MLA Jonathan Craig challenges charities: tell us what your bosses earn

By Adrian Rutherford

Charities are facing calls to reveal the salaries of their top earners amid growing anger over their six-figure pay packets.

It comes after the Belfast Telegraph revealed the vast salaries being drawn by dozens of charity chiefs in Northern Ireland.

In one case it was revealed that Nevin Ringland, the chief executive of mental health charity Praxis Care, receives £142,000 a year.

This newspaper surveyed 60 of our best known charities asking for the name and salary of their chief executive or most senior representative in Northern Ireland.

Of these, 34 confirmed their CEO earned more than £50,000. Three earned over £100,000.

Another 13 – around a quarter – declined to comment.

DUP MLA Jonathan Craig said all charities should be open about what they pay. "I think all charities should be open and transparent around what is being paid to their senior manager, whether that be chief executive or managing director," he said.

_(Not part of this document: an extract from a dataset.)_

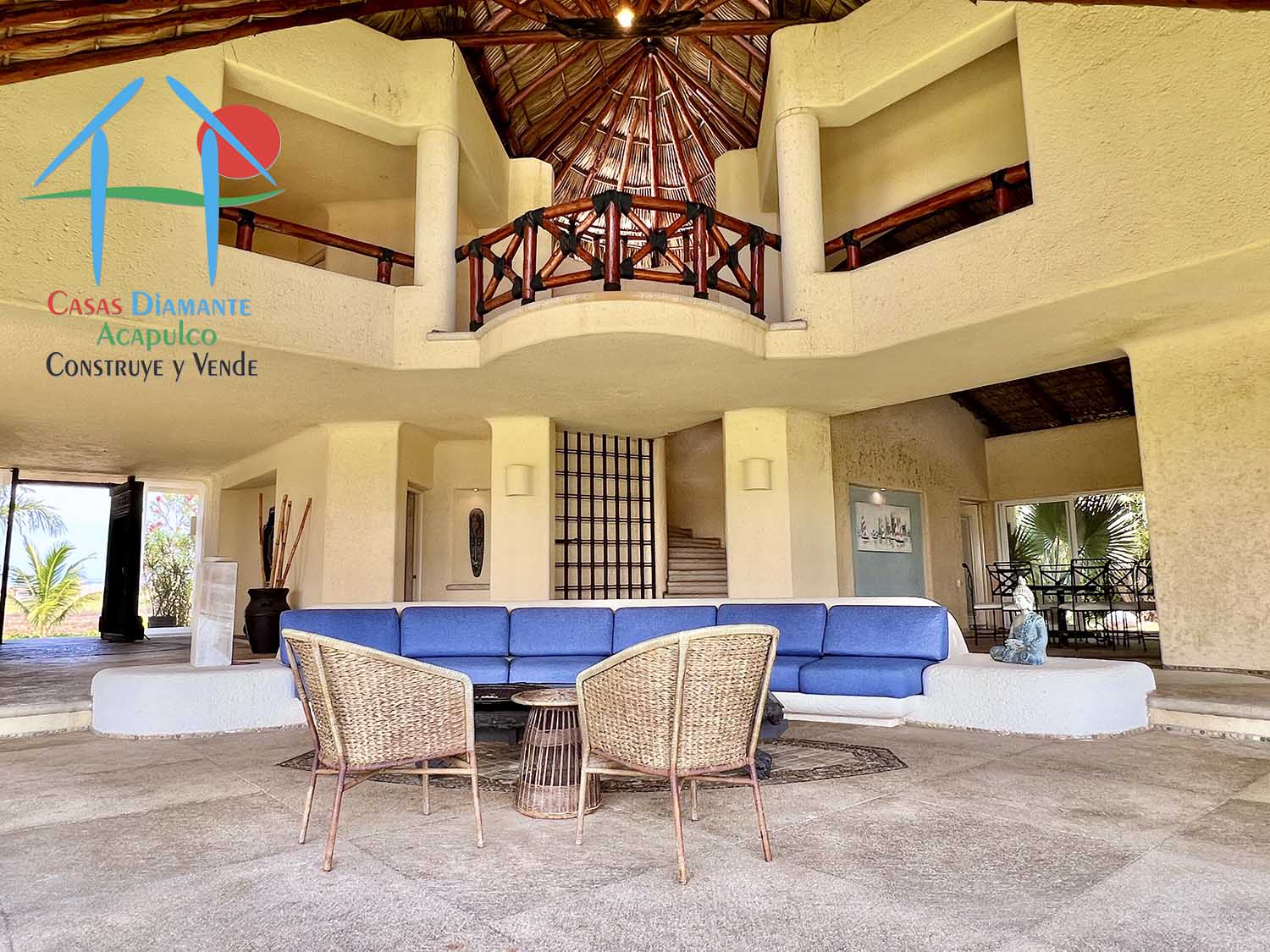 La Jordana - Sala exterior 5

"They need to be open and honest with the public as to where charity money is going – how much of it goes on overheads or how much of it is spent on the charitable reason for these organisations existing.

"It is regrettable when some charities become more focused on their own internal structures rather than actually delivering what the charity was originally set up for."

Former Alliance MLA Seamus Close, now a political commentator, suggested embarrassment may prevent some charities disclosing their bosses' pay.

"They must be embarrassed... they recognise that they're a charity institution taking the pennies from the poor people to help charitable causes and needy causes," he told the BBC's Nolan Show. Mr Close said such stories "did nothing" for charities, who were battling to maintain income streams in times of austerity.

Other high-earning bosses include Tim Cooke, the director and chief executive of National Museums Northern Ireland, who earns between £105,000 and £110,000 and Peter Power, the all-Ireland executive director of Unicef, who receives £114,000.